With the Premier League’s restart scheduled for the 17th June, most English clubs are only just reintroducing contact training. But not all British players have had to wait so long to return to competitive football. As the first month of the Bundesliga draws to a close, Jadon Sancho has already had more than enough time to get back into his stride with Borussia Dortmund.

On the 26th May, in the BBC’s in-depth analysis of his career so far, Sancho was identified as Lionel Messi’s potential long-term successor. Five days down the line, as if responding to the lofty comparison, Sancho scored the first hat-trick of his career in Dortmund’s 6-1 drubbing of bottom-of-the-league Paderborn. This makes him the first English player to score a hat-trick in a major European league beyond England in 31 years. Sancho will need to find 53 more where that came from if he wants to match Messi’s record, but after securing his position as the highest-scoring teenager in Bundesliga history, he has made quite the start to his career in Germany.

It has been years since a young player has generated this much hype. But perhaps the most striking thing is the fact that he’s not based in England. Here we have a 20-year-old English winger sitting in a comfortable third in the Bundesliga Top Scorers, behind only Robert Lewandowski and Timo Werner. The best English players, so we are told, should play in the ‘best’ league in the world, the Premier League. After all, of the 115 players in the last five England World Cup squads, only David Beckham in 2006 wasn’t playing domestically. Something about Sancho’s rise still doesn’t feel quite right.

Things are rarely so easy for Brits who stray away from the ‘comfort’ of the Home Nations. We need only cast our minds back to November last year, when Gareth Bale held up a sign reading ‘Wales. Golf. Madrid. In that order’ while celebrating qualification for Euro 2020 with the Welsh national team. ‘I’m playing, but I wouldn’t say I’m playing happily,’ he had remarked at the start of the season.

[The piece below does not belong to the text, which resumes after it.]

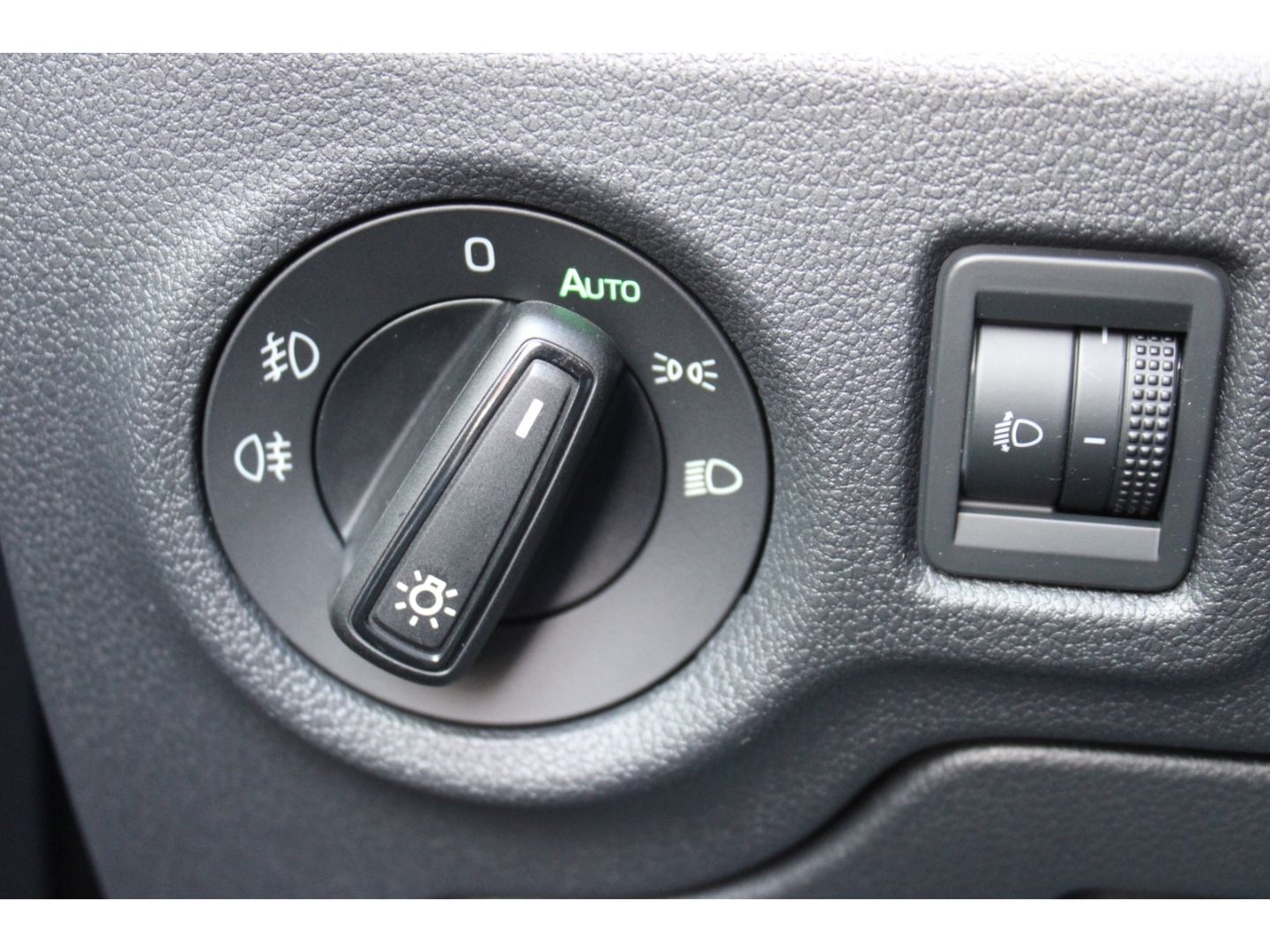 Fahrzeugabbildung SKODA Fabia Selection Drive Plus 1,0 TSI LED Full Link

Bale’s time in Madrid has been a tale of constant conflict with the Spanish media, and his failure to prove his mettle as a linguist hasn’t helped diffuse the situation. His compatriot Aaron Ramsey, with only 9 starts in his first season at Juventus, looks to be going down a worrying path as well.

Although Bale remains the highest-profile ‘Brit abroad’, there is a new generation of elite British players choosing to hone their skills overseas. Sancho, without a doubt, is its poster-boy. As he shatters record after record, one begins to wonder whether the spectres of past British failures are being dispelled.

An increasing number of established England internationals are finding their feet abroad. The success of Kieran Trippier at Atlético Madrid and of Chris Smalling at Roma has been particularly striking in their first years away. Trippier has produced more chances than any other La Liga defender this year, and is his team’s top tackler, while Smalling has been affectionately nicknamed ‘Smaldini’ in honour of the legendary Milan centre-back Paolo Maldini.

However, it is the success of the younger British talents overseas that is truly unprecedented. It is in the Bundesliga that their impact has been felt most strongly. All of the 8 players who have followed Jadon Sancho to Germany since he signed for Dortmund in August 2017 were under 23 upon arrival.

When we look at the numbers in a European context, the trend doesn’t seem quite so radical. As of the 4th June 2020, there are 35 British players signed on to clubs in the top ten highest-ranking European leagues in the UEFA club coefficient, excluding the Premier League. That’s barely a fifth of the 149 French players playing abroad across the same range of nations.

Though the British exodus has been piecemeal at best, for Manchester City, who lost Sancho after failing to guarantee him first-team game time, and the other top Premier League clubs, this should certainly be a wake-up call. City may have scored more goals than any other Premier League team so far this season, but none of these was scored by a product of their academy. As good as 20-year-old Mancunian Phil Foden is, he won’t be getting on the scoresheet from the bench any time soon.

Elite homegrown talents like Sancho have every right to pursue first-team football abroad, and given the unfavourable conditions in the Premier League for emerging talent, we cannot blame them if they continue to do so. And if the Premier League’s elite clubs continue to bleed talent, then they only have themselves to blame.